Mr. Trump is riding two big recent wins. Saturday, despite everything liberals could think to throw at Brett Kavanaugh, Mr. Trump got his second nominee in two years confirmed to the U.S. Supreme Court, seemingly assuring its conservative bent for some time. Just a week earlier, he completed a renegotiated trade deal with Mexico and Canada — refuting critics and the agreement passed under Bill Clinton, fulfilling a promise Mr. Obama made and Hillary seconded.
Apparently, this policy momentum is fueling Mr. Trump’s political rise, too. According to Rasmussen’s Oct. 8, tracking poll, the president’s job approval/disapproval rating was 51 percent to 47 percent. That is his largest positive margin in 19 months. Considering Mr. Trump only won 46 percent of 2016’s popular vote — that is a 5 percent improvement, and 3 percent above even Hillary Clinton’s 48 percent.
On Oct. 8, 2010, Mr. Obama had a 47/52 percent approval/disapproval rating. Even more telling is a look inside the two presidents’ “strong” job approval ratings, which measure pro and con feelings’ intensity.
The standard perception is that Mr. Trump is doomed by heavy liberal animosity. Instead, he had a 38/38 percent strong score. In comparison to Mr. Trump’s tie, Mr. Obama’s was -12 percent on the same date in 2010 (29/41 percent).
Nor are these figures outliers. Other important measures show a similar Trump advantage relative to Mr. Obama. In Rasmussen’s poll of Oct. 1 measuring the public’s perception of the country’s direction, 40 percent rated it on the right track vs. 54 percent on the wrong track. While that 14 percent looks bad in isolation, consider: At a similar point in 2010, Mr. Obama’s was 31/63 percent — twice as bad as Mr. Trump’s now.
These numbers appear to be benefiting Republicans, too. According to Rasmussen’s latest generic ballot survey, released Oct. 3, Democrats lead Republicans 47 percent to 42 percent. As Rasmussen pointed out in its data release: “At this time in 2014 the last non-presidential election year congressional elections, Democrats held a 40 percent to 39 percent lead.” However, Republicans won the Senate by gaining nine seats that year and picking up 13 House seats.
The upshot is clear: Democrats need big leads to win big gains. So far, the numbers aren’t that big and they are shrinking.
Even more to the point: Republicans are not where Democrats were when they took a severe 2010 midterm beating under Mr. Obama. That year, Democrats lost 63 House seats and the House, and six Senate seats. Having lived it, it is understandable Democrats expected its repeat, when the shoe appeared to be on Republicans’ foot in 2018.
At one point, the numbers validated Democrats’ optimism. No more. The numbers have changed, but the headlines of Republican doom have not caught up yet.

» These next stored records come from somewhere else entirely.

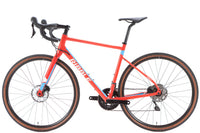 Ribble CGR AL Enthusiast Shimano 105 Gravel Bike 2024, Size Medium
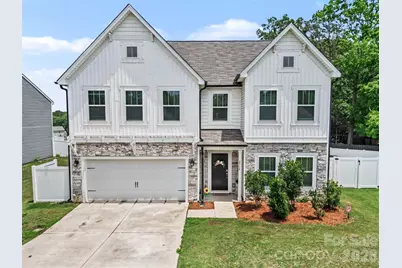 2334 Waverly Drive, Monroe, NC 28112 - Photo 1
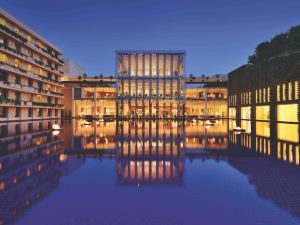 The Oberoi Gurgaon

This is not to say Mr. Trump and Republicans will not lose congressional seats. Since 1936, the sitting president’s party has averaged losing 24 House and three Senate seats in midterms.
However, the cataclysmic losses Democrats experienced under Mr. Obama, and they had hoped and predicted Republicans would suffer under Trump in 2018, are not presaged by today’s numbers.
Of course, a month is still a long time. Things could change. Yet Democrats need not take comfort in this either. Things could also get worse for them.
President Trump and Republicans appear to have momentum now. Congress is effectively out of session, so the president has the bully pulpit to himself. He also has a personally unparalleled ability to make news — and in contrast to past missteps, his current news has been positive. Further, turning the administration’s sights on China — as Vice President Mike Pence did last week — is a guaranteed applause line in most of America.
As November’s midterms loom larger, Democrats may not be looking as forward to them as they once were. And they would do well to look in the rearview mirror too — and heed its warning: “Objects in the mirror are closer than they appear.”
• J.T. Young served in the Treasury Department and the Office of Management and Budget.